Note that this phoniness about living in one place being a guarantee of a
child's school success is so ingrained among real estate agents that they
still talk like that even in Minnesota, where there is statewide public school
open enrollment, such that the school district where I live has students come
in from FORTY-ONE other school districts' territories, including neighborhoods
with radically different socioeconomic characteristics. Parents are always
looking for some easy proxy for school quality. Power to shop here in
Minnesota is helping somewhat in focusing parents' attention on what really
matters. (For example, there are more and more school districts now that are
adopting the Singapore Primary Mathematics series

[http://www.singaporemath.com/Primary_Mathematics_US_Ed_s/39....](http://www.singaporemath.com/Primary_Mathematics_US_Ed_s/39.htm)

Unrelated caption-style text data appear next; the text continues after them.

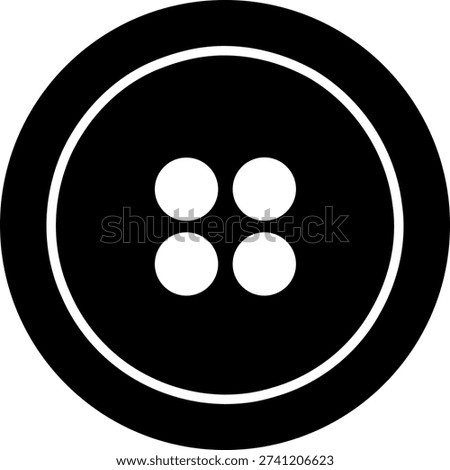 Black button icon featuring four white holes on a white background, representing a simple and classic fastening element for clothing and sewing designs.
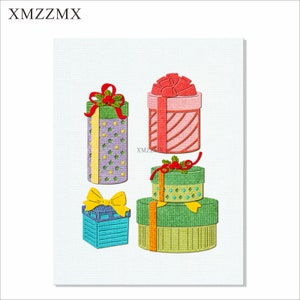 May include: Four colorful gift boxes with different patterns and ribbons. The boxes are stacked on top of each other. The top box is red and white striped, the second box is green with a yellow ribbon, the third box is purple with stars, and the bottom box is blue with a yellow ribbon.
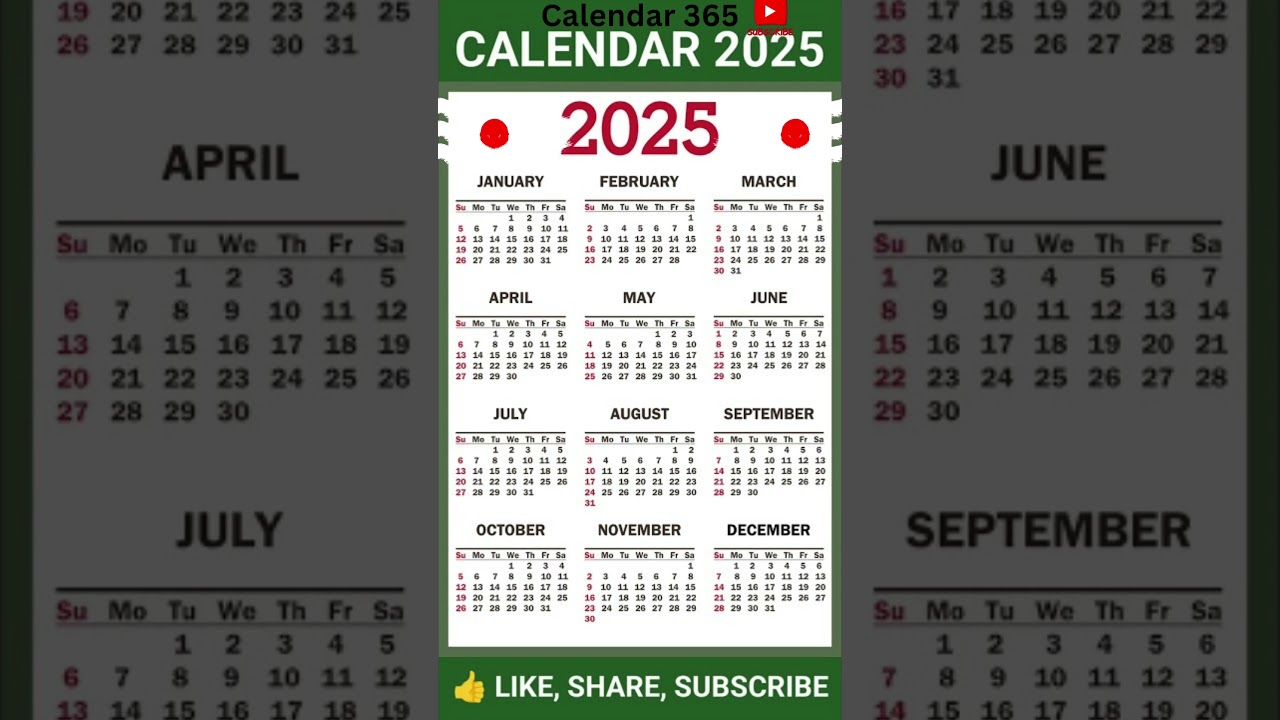 2025 calendar - Calendar of the year 2025 -  2025 calendar with holidays📅 Calendar 365 📅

as elementary mathematics textbooks.)

What's really difficult today is finding out which schools offer genuine added
value above what any child could get from an involved set of parents who value
education. (This is why I homeschool, even in my apparently very desirable
school district, which we live in for employment-based reasons irrespective of
the school system.) The interesting article that you kindly submitted here
makes the case that young people should do more in youth than what can boil
down to answering pencil-and-paper questions on standardized tests, and I
agree, and that is another reason we homeschool--to have time for more hands-
on, constructive activities. But I will point out that is not an either-or
forced choice, as several other comments have also pointed out to you. Indeed,
sometimes open-ended projects favor children from wealthy families much more
than student evaluation based on learning 3 R subjects that can be tested by
standardized tests. The people in my generation in Taiwan were very proud of
their standardized test system. When I first went over to Taiwan in 1982,
several people pointed out to me that the president's son failed the college
entrance exams--in other words, the examination system was above political
corruption, fairly administered to all. It certainly served as a path to
higher education for many young people who grew up in third-world poverty and
had little by way of spare resources for doing projects with anything but
school resources. (There IS project-based learning in all the schools of east
Asia, contrary to the impression of many Americans, but rather than an either-
or forced choice, those schools have a both-and of projects for all, and
rigorous standardized tests for all.)

Don't throw out the baby with the bathwater. Make the tests relevant and well
written, and accurately scored, and make the 3 R's learning in school
efficient enough to allow time for challenging projects. And if the school is
resistant to improvement, promote power to shop on the part of parents to
nudge schools to do better, and meanwhile get your own children a good
education however you can, even if it means that they learn outside school.

------
protomyth
Who exactly is going to teach children to build rockets and robots? As a
country we have pretty much run all the vocational teachers out of the
schools. The vocational teachers were good because most did contracting during
the summer. Add to this the decline in schools teaching programming[1]. We
need to figure a way to get qualified technical / vocational people back into
the schools and realize that they need to paid more because of demand in their
field.

Standardized tests suck, but they suck less than every other way we have to
measure schools in a country-wide manner.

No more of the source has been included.